Пятый этап – греческая наука эпохи Римской империи (I в. до н. э. – IV в. н. э.). Наука Римской империи по сути своей остается греческой наукой. Она была компилятивной, эпигонской, суммирующей и комментирующей, т. е. воспроизводящей, а не творящей, не новаторской. Если темой трактата была природа, то собирались все представления о ней – от натурфилософов и пифагорейцев до авторов-современников. И хотя не было принципиально новых идей, касающихся мироздания, но данные наблюдений, обработанные с помощью математических расчетов, давали высокие результаты. Особая роль в астрономической науке принадлежит Клавдию Птолемею. Птолемеевская система – высшая точка развития всей античной астрономии. Достижения подобного масштаба были и в области математики, они связаны с именами Диофанта, одного из первых создателей алгебры, основанной на арифметике, а также Паппа, который доказывал теоремы проективной геометрии, изучал разные поверхности. В механике особый интерес представляет Герон Александрийский; он пользуется методом перемещений, нарушающим равновесные состояния, формулирует динамический принцип, вводя параметр времени. В медицине Клавдий Гален, исходя из принципа аналогии Вселенной и человеческого тела, создал врачебную науку, просуществовавшую до Нового времени. Преимущественное развитие прикладных областей знания – отличительная черта римской науки. Круг прикладных наук значительно расширился, охватывая строительство и архитектуру (Витрувий написал «Десять книг об архитектуре»), агрикультуру, военное дело, право и др. Нельзя не упомянуть и интерес римских ученых к оккультным знаниям, особенно к астрологии, которая во многом была заимствована у вавилонян и была предназначена для составления гороскопов, а также к магии, всевозможным видам гаданий и ко всему, выходящему за пределы естественного и привычного.

1.2.3. Социальный статус античной науки. Научно-философская деятельность включает такой социальный аспект, как общение и коммуникация. На протяжении всей Античности идет создание научно-философских школ: примерно в середине VI в. до н. э. возникает пифагорейский союз, во второй половине V в. до н. э. возникает медицинская школа Гиппократа, около 387 г. до н. э. Платон основал Академию, в 335 г. до н. э. Аристотель организовал Ликей. Так, в аристотелевском Ликее не просто обсуждали научно-философские вопросы; молодые люди собирали самую разнообразную информацию о растениях, животных, природных и социальных процессах. В начале III в. до н. э. в Александрии был основан знаменитый Музей, в котором ученые совмещали исследовательские и преподавательские функции, получая денежную плату за научно-исследовательскую деятельность; в нем существовала знаменитая библиотека, а ученый, преподаватель и библиотекарь представали в одном лице. Античная наука дала образцы этических норм, которыми руководствовались члены научного сообщества, самый известный пример – «Гиппократова клятва».

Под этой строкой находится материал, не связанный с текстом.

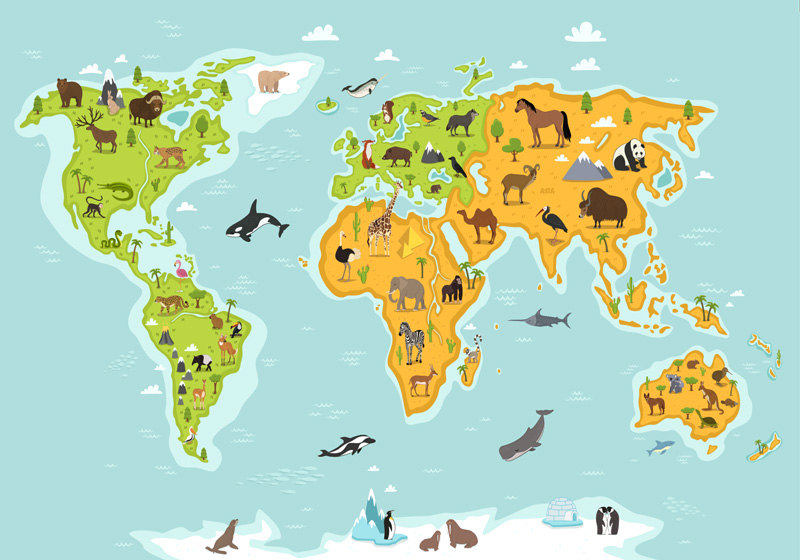 Covor de vinil harta lumii cu fauna și flora - TenStickers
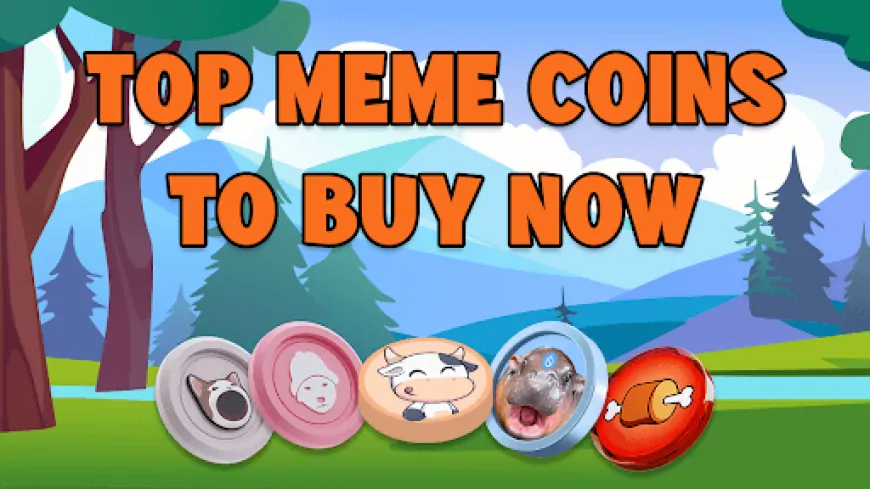 4 Top Meme Coin Picks: BTFD Coin Gets Recognized as the Best Crypto Presale to Buy With 3,650% ROI Potential While Dogecoin, PEPE, and Others Attract Bulls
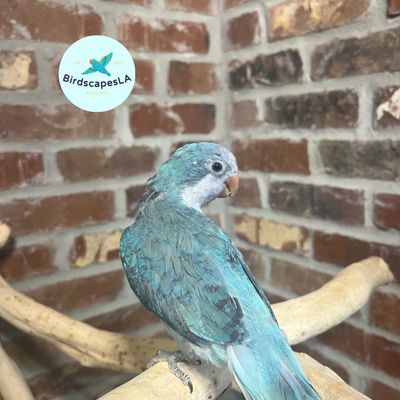 Blue Quaker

В римский период формируется дисциплинарный образ науки, полагающийся на социальные роли «учителя» и «ученика». Расширяется круг так называемых свободных искусств (свободные, поскольку предназначены для свободных граждан): к риторике, грамматике, диалектике, арифметике, геометрии, астрономии, музыке добавляются медицина, архитектура, военное дело, право и даже сельское хозяйство.

1.3. Средневековая наука

1.3.1. Проблемы периодизации средневековой науки. Признание самого феномена средневековой науки в истории науки произошло достаточно поздно.Во многом это связано с отношением к Средневековью мыслителей Просвещения с их идеалами разума и негативными оценками данного периода как «эпохи веры», в которой нет места для подлинно научной мысли.

Начало средневековой науки чаще всего датируют VI в., но истоки ее отличительных особенностей сформировались не одномоментно, процесс этот растянулся на IV и V столетия. Верхней границей, фиксирующей завершение средневекового этапа развития науки, является рубеж XIV–XV вв., когда в эпоху Возрождения формируются истоки новой науки.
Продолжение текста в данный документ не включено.